AYAKKABI KUTUSUNDAKİ PARALAR
Dolayısıyla bizim iktidarımız, hükümetimiz, kesinlikle yolsuzlukların hükümeti değildir. Bu bir iftiradır. Bunun bedelini bu iftirayı atanlar ödeyeceği gibi, muhatap olanlar da yasalar içerisinde halleder.
Ben yolsuzluk dendiğinde şunu anlarım; devletin kasası soyuluyor mu soyulmuyor mu? Ayakkabı kutusu içerisinde söylenen olaylar, Halk Bankası’ndan alınan ya da soyulan para değildir.
Bu Halk Bankası biz iktidara gelmeden önce görev zararı kaydeden bir bankadır. Şu anda ise Balkanlar'ın, Avrupa’nın kârlı bankalarından bir tanesidir. Bunları görmemezlikten geliyorlar.
BDDK (Bankacılık Düzenlememe ve Denetleme Kurumu) gelmiştir, incelenmiştir. İncelemelerin neticesinde herhangi bir sıkıntının olmadığına dair raporunu vermiştir.
Biz buna mı inanacağız, yoksa iftiralara mı inanacağız? Bizim iftiralarla devlet yönetmek gibi bir derdimiz yoktur.
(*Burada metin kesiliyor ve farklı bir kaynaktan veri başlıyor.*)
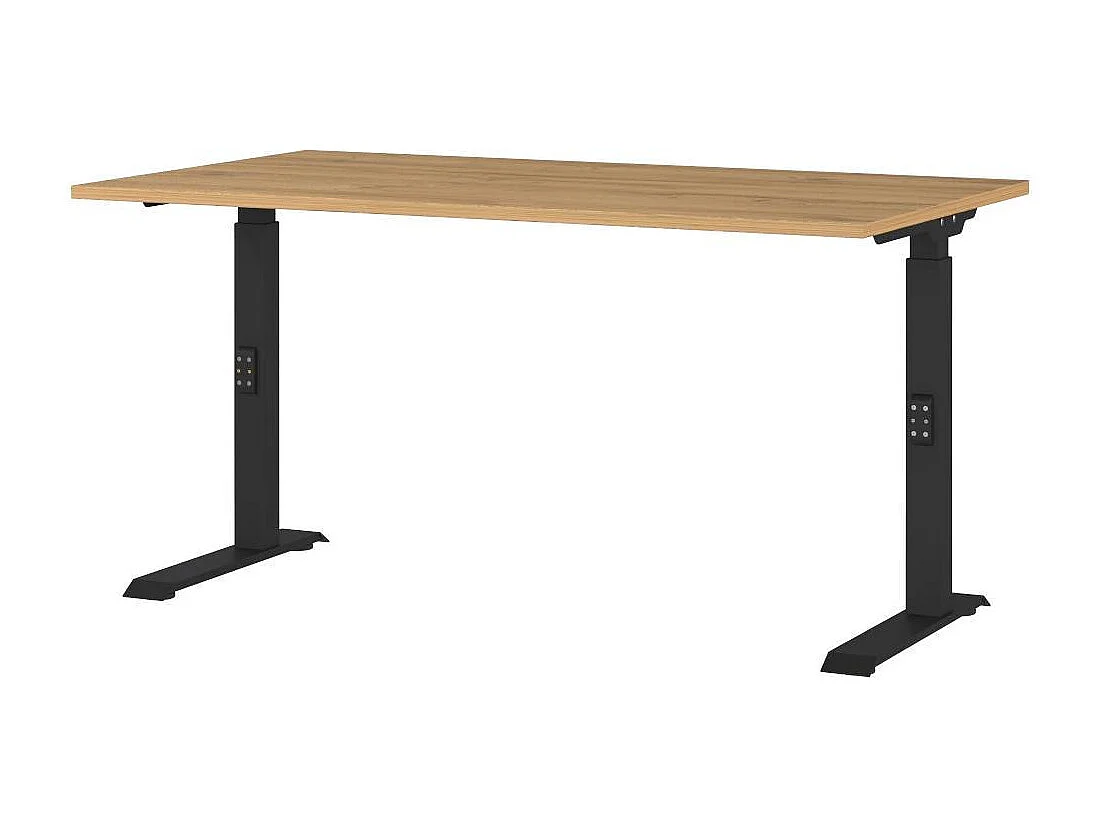 Schreibtisch Bürotisch höhenverstellbar in Wildeichefarben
POLİSLER NEDEN GÖREVDEN ALINDI?
Al Jazeera: Bütün bu yolsuzluk soruşturmalarını kapatmaya çalışmanın yanı sıra davalarda önemli rol oynayan yüksek rütbeli polis memurlarını görevden alarak adaletin işlemesine de engel olduğunuz hakkındaki iddialara ne dersiniz?
Recep Tayyip Erdoğan: Burada bir işbirliği var. Yargının bir kısmıyla ne yazık ki güvenlik güçlerinin polis teşkilatının bir kısmının işbirliği söz konusu. Bu işbirliği ile hükümete karşı bir darbe girişiminin içerisinde bulundular.
Bunun adını ben paralel yapı, paralel yapılanma, paralel devlet olarak koydum. Bu konu ile ilgili olarak bu hukuk dışı yapılanmayla da bizim mücadele vermemiz gerekir.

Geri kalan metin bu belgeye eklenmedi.